A Emdurb descartou a possibilidade de a Legião Mirim, atualmente desativada, assumir a operação tecnológica ou operacional do estacionamento rotativo de Marília, mesmo por meio de um sistema digital de venda e gerenciamento de vagas, em uma eventual retomada do projeto de qualificação de adolescentes e jovens.
A proposta havia sido apresentada pela vereadora Fabiana Camarinha (Podemos) em requerimento de 2025 e previa justamente uma mudança em relação ao modelo tradicional adotado pelos legionários. Em vez da venda de cartelas de papel nas ruas, a entidade poderia atuar na gestão tecnológica da Zona Azul, com aplicativos, QR Codes e sistemas informatizados, contando com empresas de tecnologia da informação de Marília.
A resposta da Emdurb, porém, é que a ideia não pode ser implementada enquanto estiver vigente a atual concessão do estacionamento rotativo. Segundo a empresa municipal, a implantação, operação, manutenção e gerenciamento do sistema estão integralmente concedidos à iniciativa privada por meio de concessão firmada em 19 de março de 2021 com a Rizzo Parking and Mobility S/A.

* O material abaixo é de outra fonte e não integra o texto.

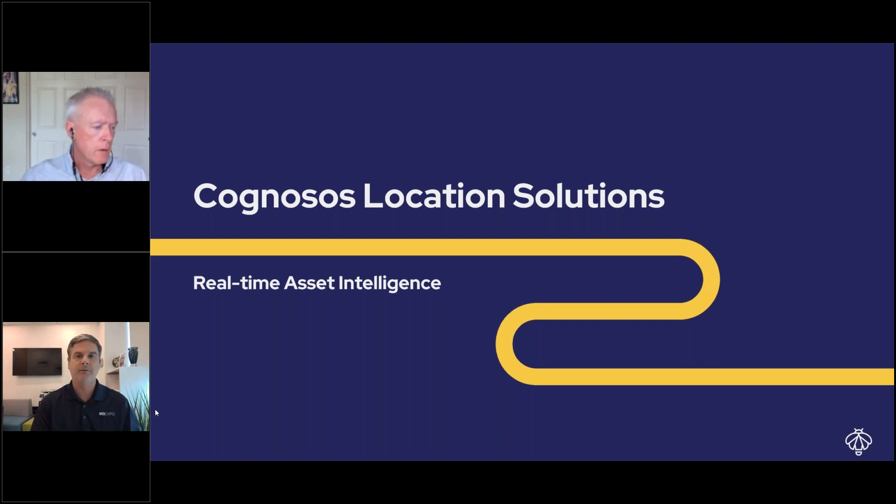Hi, Technician editor John Wallace here. I'm excited to be with you today as we learn more about the tools of the trade featured in the March issue of Technician magazine — the Pro Par, or Proactive Power, from Cognosis.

O contrato foi resultado de concorrência pública e tem prazo de 180 meses, equivalente a 15 anos. Na prática, a concessão se estende até 2036, salvo eventual alteração ou encerramento antecipado nos termos previstos no próprio contrato.
A Emdurb afirma que, diante desse cenário, a transferência da gestão tecnológica ou operacional para uma associação sem fins lucrativos, empresa de tecnologia ou para a própria Legião Mirim encontraria obstáculos nas regras de direito administrativo e nas cláusulas contratuais da concessão.
“Resta inviabilizada a possibilidade de atendimento ao requerimento no tocante à destinação da gestão tecnológica ou operacional da Zona Azul à Legião Mirim ou a qualquer outra entidade”, informou a Emdurb.
Formação profissional
O requerimento de Fabiana Camarinha tinha como objetivo mais amplo a retomada da Legião Mirim em Marília, com foco na formação profissional e na inserção de adolescentes e jovens no mercado de trabalho.
A proposta procurava, inclusive, afastar o modelo pelo qual os jovens ficavam diretamente expostos nas ruas para comercializar cartelas da Zona Azul. O texto do requerimento afirma expressamente que a intenção não seria “expor os jovens nas ruas”, mas utilizar a Legião Mirim como estrutura de qualificação profissional, com eventual atuação tecnológica no estacionamento rotativo.
A ideia também previa uma parceria envolvendo uma associação sem fins lucrativos, a Prefeitura e o Lions Clube de Marília, além de secretarias municipais e da própria Emdurb. O projeto poderia aproveitar a antiga sede da Legião Mirim, descrita no requerimento como uma estrutura ociosa mantida pelo Lions Clube.
Atuação histórica em Marília
O histórico da Legião Mirim em Marília está diretamente ligado à antiga operação da Zona Azul. Durante décadas, os legionários participaram da comercialização das cartelas de papel utilizadas pelos motoristas para estacionar no centro da cidade. A atuação começou por volta de 1960 e permaneceu até 2018, quando a Legião Mirim interrompeu suas atividades.